◆ EXERCISE BRIEF ◆
Reproduce the entries that follow precisely, setting aside any images.

[Dataset records]
◇ ◇ ◇ ◇ ◇
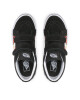 Vans Сникърси - Mera.bg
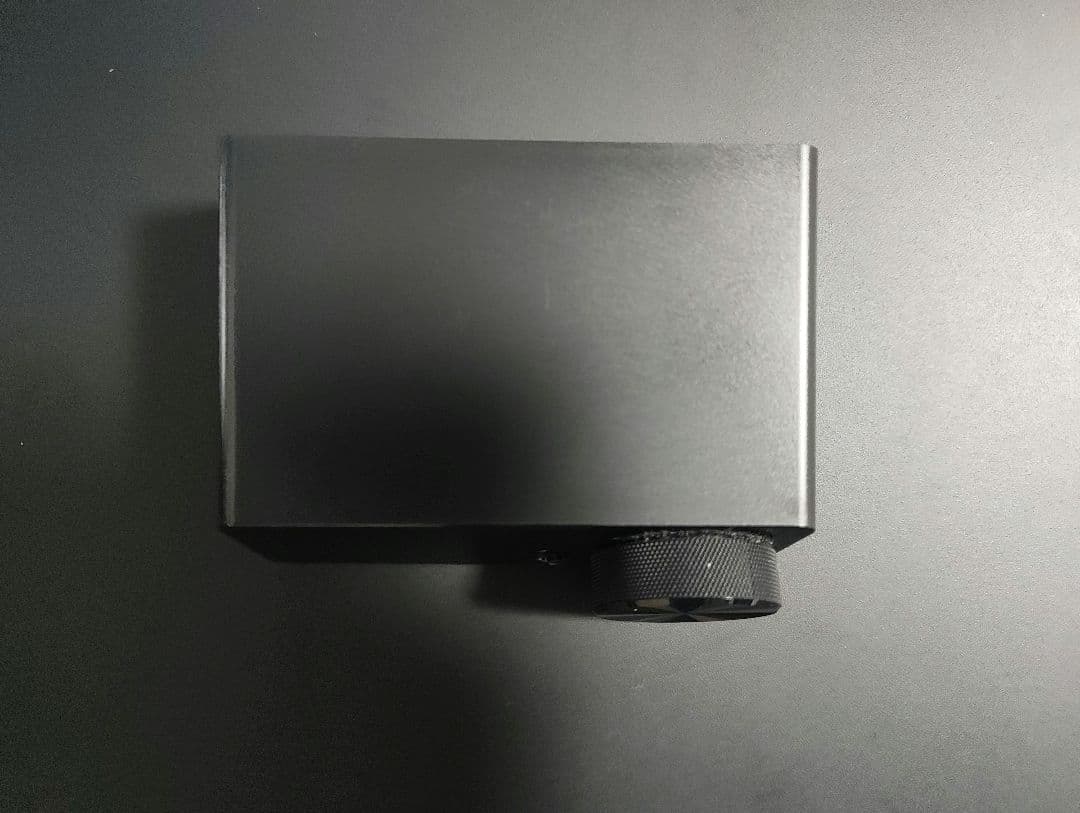 Razer Kraken V4 Pro ワイヤレス RGB【中古品】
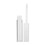 DIY Lipgloss-Flaschen leer 50er Set 8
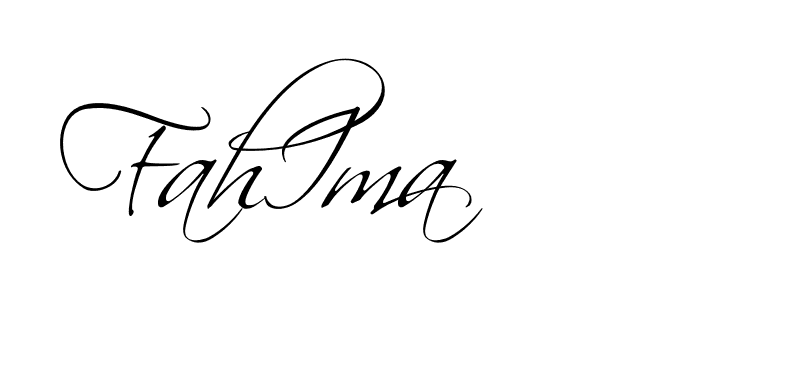 The best way (BelgiumCatherine-rg3Ap) to make a short signature is to pick only two or three words in your name. The name Ceard include a total of six letters. For converting this name. Ceard signature style 2 images and pictures png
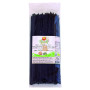 TALLARINES CON ESPIRULINA BIO 500Gr. VEGETALIA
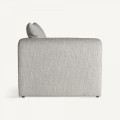 Fotel KARKA ARMCHAIR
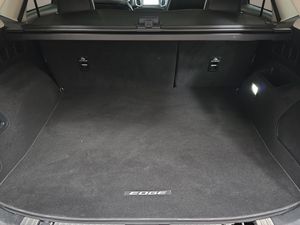 Ford Edge 2.0 TDCI 154kW Titanium - Foto 26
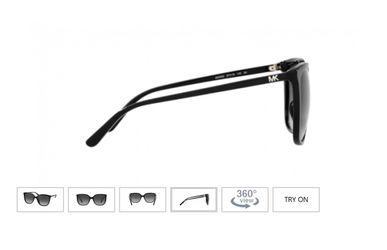 Michael Kors sunglasses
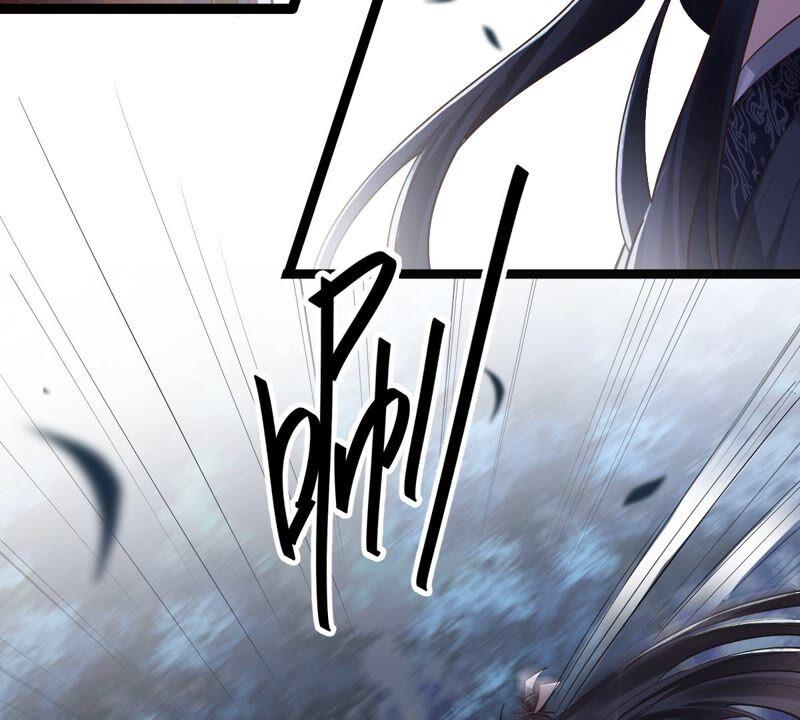 战神狂妃：凤倾天下韩漫全集-第134话 予儿，过来！无删减无遮挡章节图片 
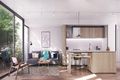 Property photo of 206/133 Rosslyn Street West Melbourne VIC 3003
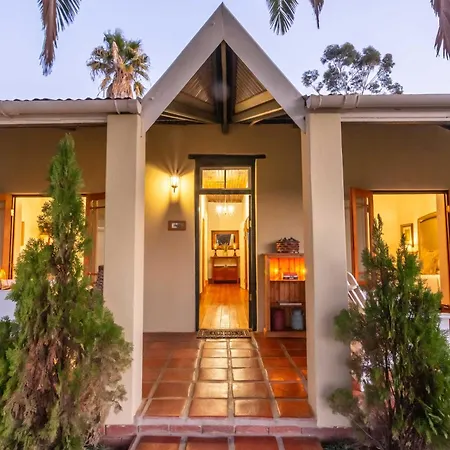 La Plume Boutique Hotel & Spa-3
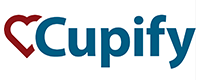 cupify
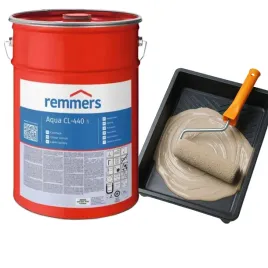 remmers-cl-440-20-mat-farba-do-mebli-lakier-kryjacy-mdf-1l-kaszmir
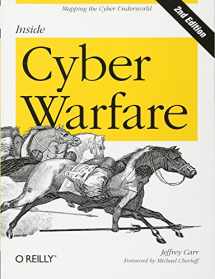 9781449310042-1449310044-Inside Cyber Warfare: Mapping the Cyber Underworld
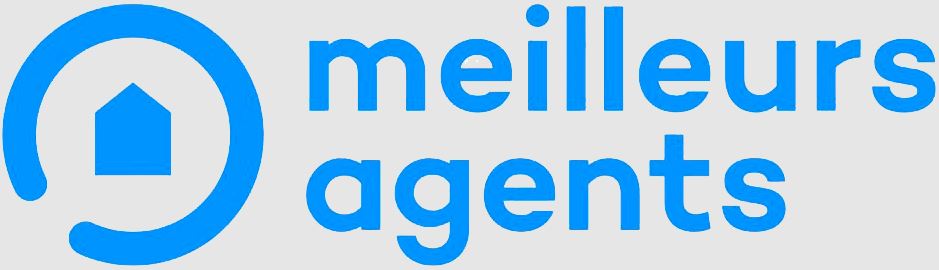 Meilleurs Agents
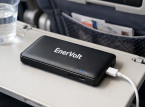 Powerbank f&oslash;rte til at fly fra Egypt til London ble satt p&aring; bakken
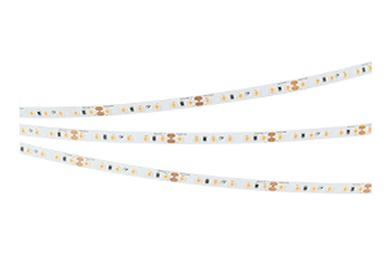 Уникальный цвет Special Color 24V изображение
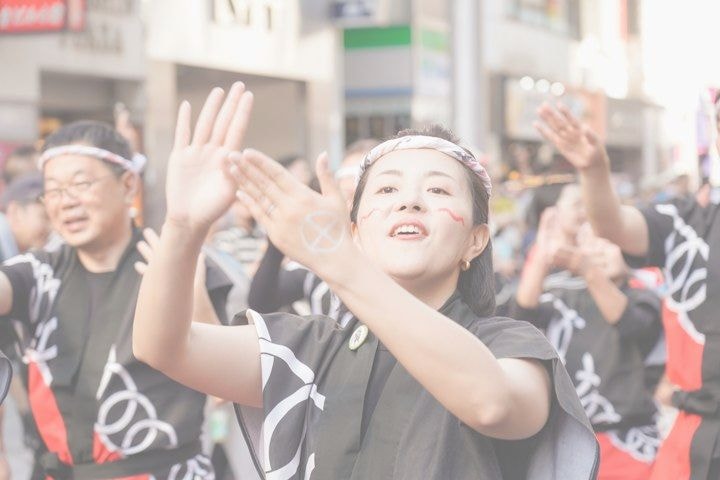 スナップ写真画像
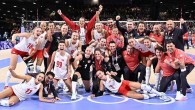 Filenin Sultanları yarı final voleybol maçı ne zaman? Türkiye, Paris 2024 Olimpiyatları yarı final rakibi kim?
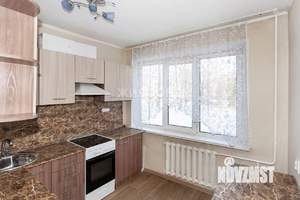 1-к квартира, вторичка, 33м2, 2/9 этаж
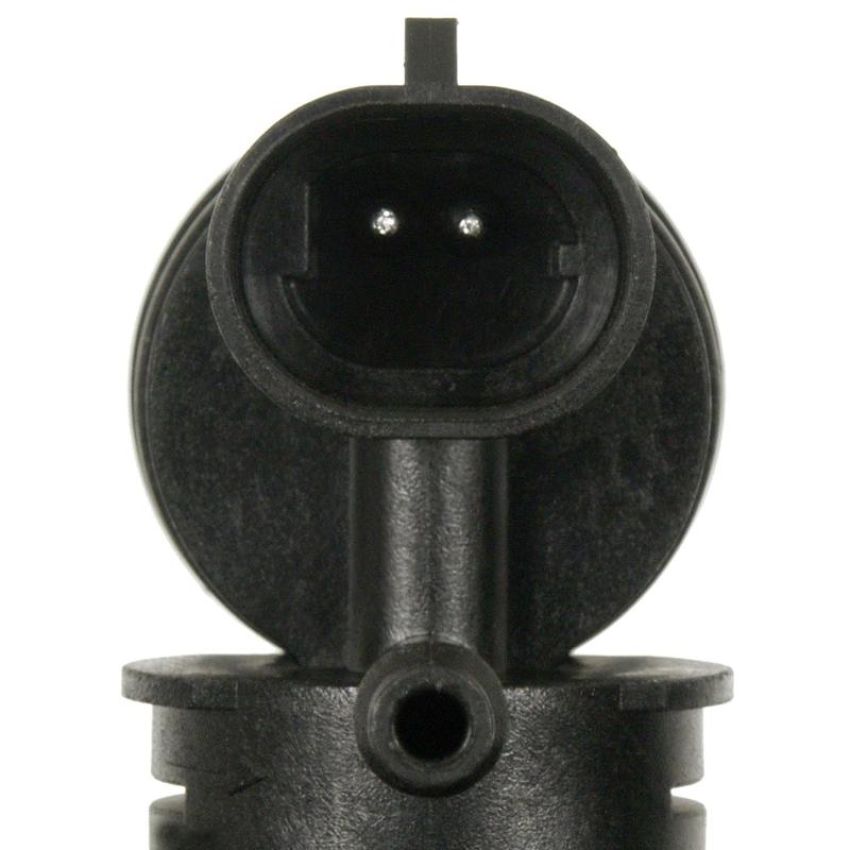 Standard Ignition VG291 Exhaust Gas Recirculation Back Pressure Transducer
◇ ◇ ◇ ◇ ◇
◆ REPLY TO THE TASK ◆
 Vans Сникърси - Mera.bg
 Razer Kraken V4 Pro ワイヤレス RGB【中古品】
 DIY Lipgloss-Flaschen leer 50er Set 8
 The best way (BelgiumCatherine-rg3Ap) to make a short signature is to pick only two or three words in your name. The name Ceard include a total of six letters. For converting this name. Ceard signature style 2 images and pictures png
 TALLARINES CON ESPIRULINA BIO 500Gr. VEGETALIA
 Fotel KARKA ARMCHAIR
 Ford Edge 2.0 TDCI 154kW Titanium - Foto 26
 Michael Kors sunglasses
 战神狂妃：凤倾天下韩漫全集-第134话 予儿，过来！无删减无遮挡章节图片 
 Property photo of 206/133 Rosslyn Street West Melbourne VIC 3003
 La Plume Boutique Hotel & Spa-3
 cupify
 remmers-cl-440-20-mat-farba-do-mebli-lakier-kryjacy-mdf-1l-kaszmir
 9781449310042-1449310044-Inside Cyber Warfare: Mapping the Cyber Underworld
 Meilleurs Agents
 Powerbank f&oslash;rte til at fly fra Egypt til London ble satt p&aring; bakken
 Уникальный цвет Special Color 24V изображение
 スナップ写真画像
 Filenin Sultanları yarı final voleybol maçı ne zaman? Türkiye, Paris 2024 Olimpiyatları yarı final rakibi kim?
 1-к квартира, вторичка, 33м2, 2/9 этаж
 Standard Ignition VG291 Exhaust Gas Recirculation Back Pressure Transducer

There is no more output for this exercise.